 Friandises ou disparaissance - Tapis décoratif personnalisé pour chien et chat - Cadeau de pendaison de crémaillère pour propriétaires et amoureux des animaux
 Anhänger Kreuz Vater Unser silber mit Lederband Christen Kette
···
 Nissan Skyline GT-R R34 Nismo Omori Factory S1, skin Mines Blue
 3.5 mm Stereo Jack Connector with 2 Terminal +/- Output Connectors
···
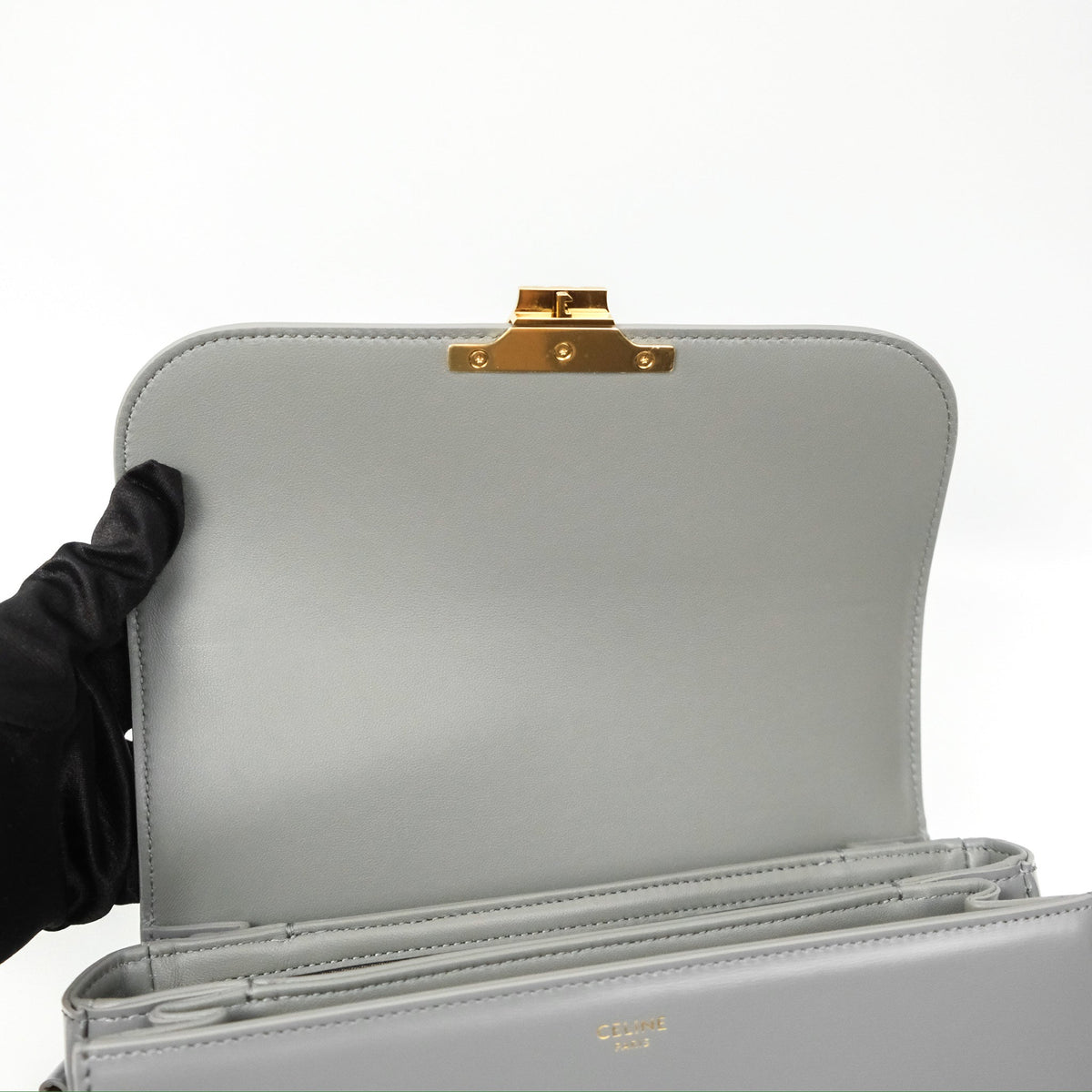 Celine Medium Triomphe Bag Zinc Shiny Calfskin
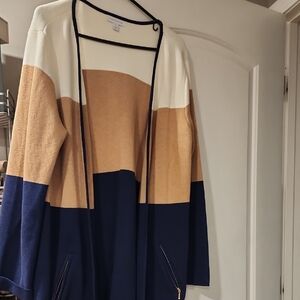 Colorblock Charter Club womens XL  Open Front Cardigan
···
Work item: From the material above, set down exactly the lines starting at the one with "Friandises ou disparaissance - Tapis" and ending at the one with "Anhänger Kreuz Vater", end lines included.

Response:
 Friandises ou disparaissance - Tapis décoratif personnalisé pour chien et chat - Cadeau de pendaison de crémaillère pour propriétaires et amoureux des animaux
 Anhänger Kreuz Vater Unser silber mit Lederband Christen Kette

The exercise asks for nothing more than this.